The Working Waterfront

It’s time for an honest conversation about aquaculture

Opposition may not be authentic, or reality based

BY BENJAMIN FORD
Posted 2025-02-20
Last Modified 2025-02-20

Maine’s seafood industry is well positioned to realize a greener future. Maine waters contain the perfect conditions to grow fish with a fraction of the carbon footprint of beef.

Those same clean, cold waters grow the world’s most succulent mussels and oysters. Not only can we grow world-class food, but companies like Eimskip and Portland’s new cold storage facility have brought markets in London, Paris, and Berlin right to our doorsteps.

For the first time in decades, Maine’s population growth outpaced the national average. We are still aging faster. But we have a shot at reversing that trend as young people, seeing opportunities here, flood our universities to learn about aquaculture and their role in Maine’s future.

Yet in the last few years we have watched the promise of an innovative and dynamic seafood industry be picked apart by groups flying a false flag of environmentalism or “fishing heritage.”

Benjamin Ford
Benjamin Ford

These groups are often fronted by real Mainers with real concerns. But hiding behind those men and women in hoodies and bibs are shrewd political mercenaries making a fortune selling a false narrative to otherwise well-meaning retirees and out-of-state families.

Fear sells and nothing is scarier than change. Families from away, long a mainstay of the Maine economy, are noticing the change and are being told the summers they knew as children are under threat from “industrialized aquaculture.”

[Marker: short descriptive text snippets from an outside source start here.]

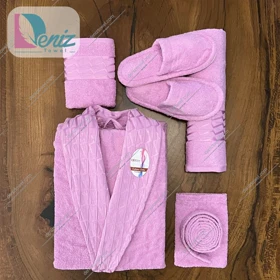 حوله ست یک نفره 6 تیکه طرح آرام رنگ یاسی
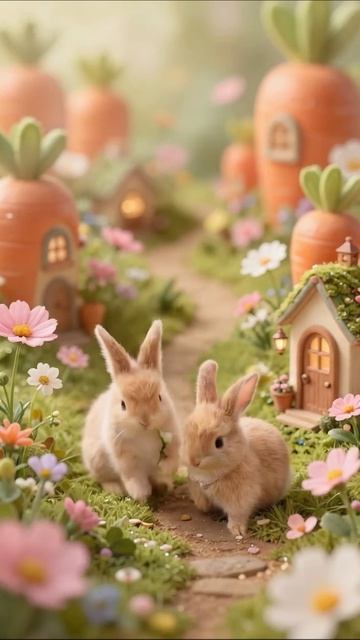 Милота зашкаливает: секретный город крошечных зайчиков 🥕 #фентези #rec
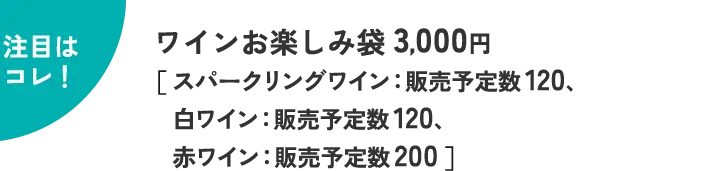 注目はコレ！ ワインお楽しみ袋 3,000円 ［ スパークリングワイン：販売予定数 120、白ワイン：販売予定数 120、赤ワイン：販売予定数 200 ］ 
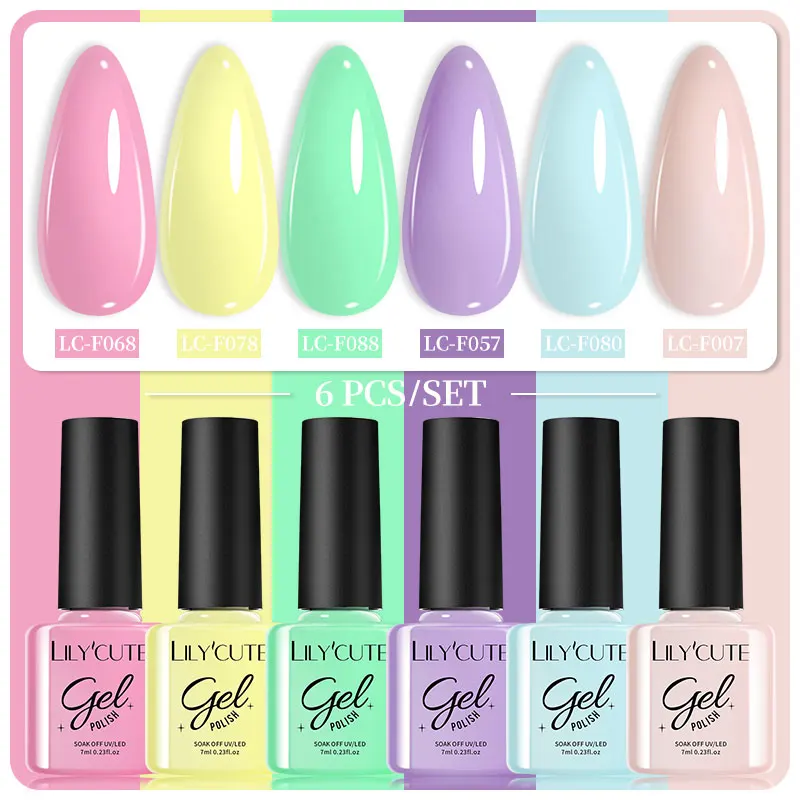 Lakier hybrydowy LILYCUTE 7 ml zestaw 6 sztuk 241182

Seen in this light, any innovation beyond the iconic lobster boat becomes the enemy. The ancient practice of harvesting seaweed to fertilize crops becomes a biohazard. Mussel rafts become an intolerable eye sore, and floating oyster baskets become an existential threat to future generations.

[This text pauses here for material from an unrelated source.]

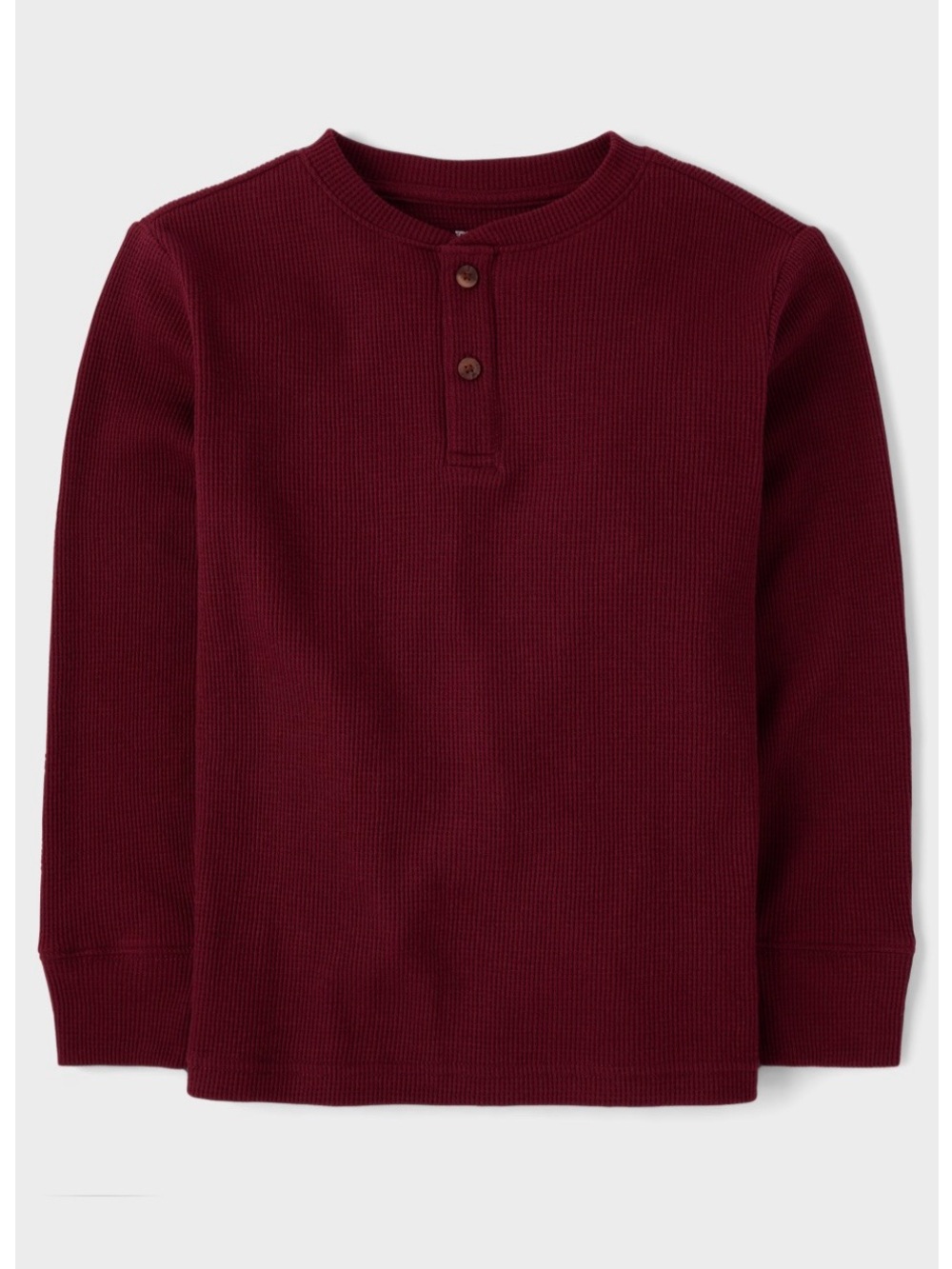 The Children’s Place Longsleeve Thermal Henley Tee (Redwood) Size 7/8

Armed with out-of-state-money these groups enter the fight. They cannot win on the science, because there is little data to back their fear mongering. Instead, they fight behind podiums in front of lay people where unsupported tales of environmental destruction find much less discerning ears. These groups will claim the decision on whether or not to allow aquaculture is “up to the town.”

But when a town makes a decision the mercenaries do not like, out come the lawyers to bury those towns in lawsuits.

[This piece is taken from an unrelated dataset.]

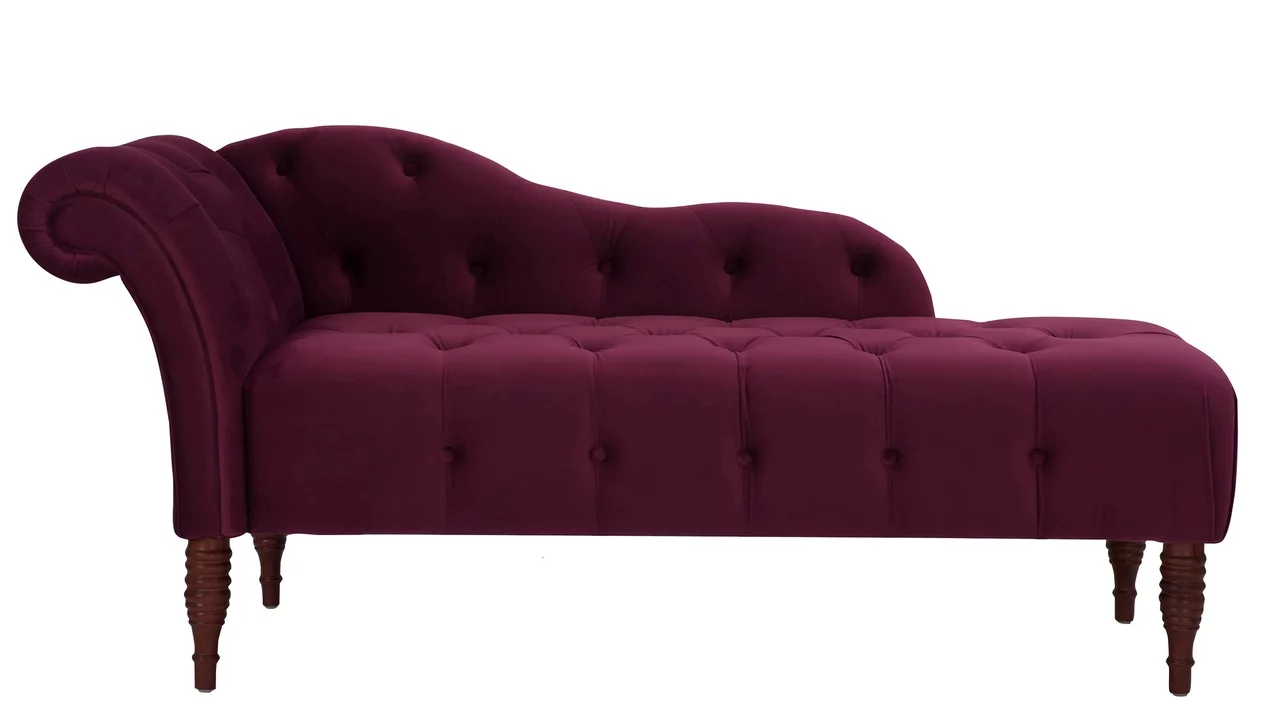 Samuel Tufted Roll Arm Chaise Lounge Burgundy - Radiant Selections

We are too quick to dismiss people as NIMBYs. Local people, families from away who are impacted by a proposal have a compelling argument: it is not fair to ask one group to shoulder the burdens of change when the benefits of that change flow to everyone else.

But that argument loses all moral authority when made by someone falsely claiming to be interested only in the environment or in preserving some imagined way of life.

We owe it to the youth of Maine to have an honest conversation about aquaculture. For some, that means speaking up for the first time about our shared future and their role in it.

For others it means coming out from behind paid spokespeople to speak openly about their fears and the equities of change. Those that do may not win every argument, but they will save a ton of money, find a deeper love for Maine, and a deeper respect for Mainers along the way.